Using the records below, write out again exactly the lines that begin at the line containing "UN vehicles lead" and end at the line containing "walk-in shower with", and no other lines.

■ Information given ■
....
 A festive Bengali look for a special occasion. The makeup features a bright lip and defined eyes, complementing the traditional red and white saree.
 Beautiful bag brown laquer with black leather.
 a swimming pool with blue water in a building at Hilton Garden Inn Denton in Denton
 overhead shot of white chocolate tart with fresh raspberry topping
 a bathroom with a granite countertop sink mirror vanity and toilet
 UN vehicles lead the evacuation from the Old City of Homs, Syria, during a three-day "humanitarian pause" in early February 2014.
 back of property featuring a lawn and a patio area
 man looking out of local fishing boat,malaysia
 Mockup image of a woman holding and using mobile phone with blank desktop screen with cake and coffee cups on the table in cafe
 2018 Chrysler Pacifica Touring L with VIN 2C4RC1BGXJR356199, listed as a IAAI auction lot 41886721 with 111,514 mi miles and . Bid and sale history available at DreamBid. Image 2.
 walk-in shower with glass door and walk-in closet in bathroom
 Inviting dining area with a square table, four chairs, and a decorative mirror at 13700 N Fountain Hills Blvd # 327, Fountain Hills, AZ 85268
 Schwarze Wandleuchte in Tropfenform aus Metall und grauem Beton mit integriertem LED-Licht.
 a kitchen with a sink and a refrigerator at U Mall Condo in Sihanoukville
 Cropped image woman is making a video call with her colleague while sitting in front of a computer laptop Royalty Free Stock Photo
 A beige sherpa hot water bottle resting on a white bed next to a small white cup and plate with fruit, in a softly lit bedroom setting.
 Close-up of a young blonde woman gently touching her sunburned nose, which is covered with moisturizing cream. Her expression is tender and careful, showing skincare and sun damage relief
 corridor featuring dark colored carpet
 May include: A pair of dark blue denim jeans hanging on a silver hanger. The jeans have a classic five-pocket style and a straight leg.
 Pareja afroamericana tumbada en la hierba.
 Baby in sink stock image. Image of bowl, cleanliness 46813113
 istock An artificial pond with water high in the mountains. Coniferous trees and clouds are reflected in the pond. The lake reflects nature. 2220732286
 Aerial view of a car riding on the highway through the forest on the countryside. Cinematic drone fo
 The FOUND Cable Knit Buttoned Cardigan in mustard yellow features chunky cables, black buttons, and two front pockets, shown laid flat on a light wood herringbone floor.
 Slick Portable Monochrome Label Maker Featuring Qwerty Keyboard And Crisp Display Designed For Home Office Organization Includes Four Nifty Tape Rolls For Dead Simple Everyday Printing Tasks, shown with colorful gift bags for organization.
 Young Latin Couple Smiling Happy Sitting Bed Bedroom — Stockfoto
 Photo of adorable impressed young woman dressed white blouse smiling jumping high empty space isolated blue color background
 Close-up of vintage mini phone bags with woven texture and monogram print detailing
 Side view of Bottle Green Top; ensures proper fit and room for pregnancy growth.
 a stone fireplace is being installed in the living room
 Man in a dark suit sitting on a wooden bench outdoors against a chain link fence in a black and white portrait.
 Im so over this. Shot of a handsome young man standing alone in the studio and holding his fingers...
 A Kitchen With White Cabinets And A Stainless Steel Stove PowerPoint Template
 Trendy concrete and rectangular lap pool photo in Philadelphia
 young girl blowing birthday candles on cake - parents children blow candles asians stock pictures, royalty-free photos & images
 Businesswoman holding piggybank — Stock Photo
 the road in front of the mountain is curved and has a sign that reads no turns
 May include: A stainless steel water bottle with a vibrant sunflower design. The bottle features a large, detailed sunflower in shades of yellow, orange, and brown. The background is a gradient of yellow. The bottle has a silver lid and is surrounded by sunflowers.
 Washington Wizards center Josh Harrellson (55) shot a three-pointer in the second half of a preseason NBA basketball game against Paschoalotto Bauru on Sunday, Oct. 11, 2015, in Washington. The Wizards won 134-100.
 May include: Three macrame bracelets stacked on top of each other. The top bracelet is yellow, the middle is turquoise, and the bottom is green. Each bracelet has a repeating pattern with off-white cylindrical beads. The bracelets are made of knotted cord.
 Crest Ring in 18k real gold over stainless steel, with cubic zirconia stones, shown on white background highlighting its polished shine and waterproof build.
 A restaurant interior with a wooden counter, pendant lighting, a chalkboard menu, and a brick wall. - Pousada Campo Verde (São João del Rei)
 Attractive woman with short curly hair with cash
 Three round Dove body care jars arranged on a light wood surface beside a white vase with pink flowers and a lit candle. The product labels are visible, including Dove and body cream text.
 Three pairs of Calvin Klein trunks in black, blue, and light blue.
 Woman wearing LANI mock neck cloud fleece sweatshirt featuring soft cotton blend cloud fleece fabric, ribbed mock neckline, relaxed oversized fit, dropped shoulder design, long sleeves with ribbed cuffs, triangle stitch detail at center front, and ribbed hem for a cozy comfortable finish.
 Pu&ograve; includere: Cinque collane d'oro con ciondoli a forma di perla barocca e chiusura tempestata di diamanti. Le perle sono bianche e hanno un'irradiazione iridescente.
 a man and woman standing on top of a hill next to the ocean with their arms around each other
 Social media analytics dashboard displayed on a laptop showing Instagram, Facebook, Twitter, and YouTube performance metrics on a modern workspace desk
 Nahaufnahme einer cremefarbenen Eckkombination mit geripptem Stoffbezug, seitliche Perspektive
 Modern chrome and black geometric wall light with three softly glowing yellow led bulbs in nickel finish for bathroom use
....
■ The answer ■
 UN vehicles lead the evacuation from the Old City of Homs, Syria, during a three-day "humanitarian pause" in early February 2014.
 back of property featuring a lawn and a patio area
 man looking out of local fishing boat,malaysia
 Mockup image of a woman holding and using mobile phone with blank desktop screen with cake and coffee cups on the table in cafe
 2018 Chrysler Pacifica Touring L with VIN 2C4RC1BGXJR356199, listed as a IAAI auction lot 41886721 with 111,514 mi miles and . Bid and sale history available at DreamBid. Image 2.
 walk-in shower with glass door and walk-in closet in bathroom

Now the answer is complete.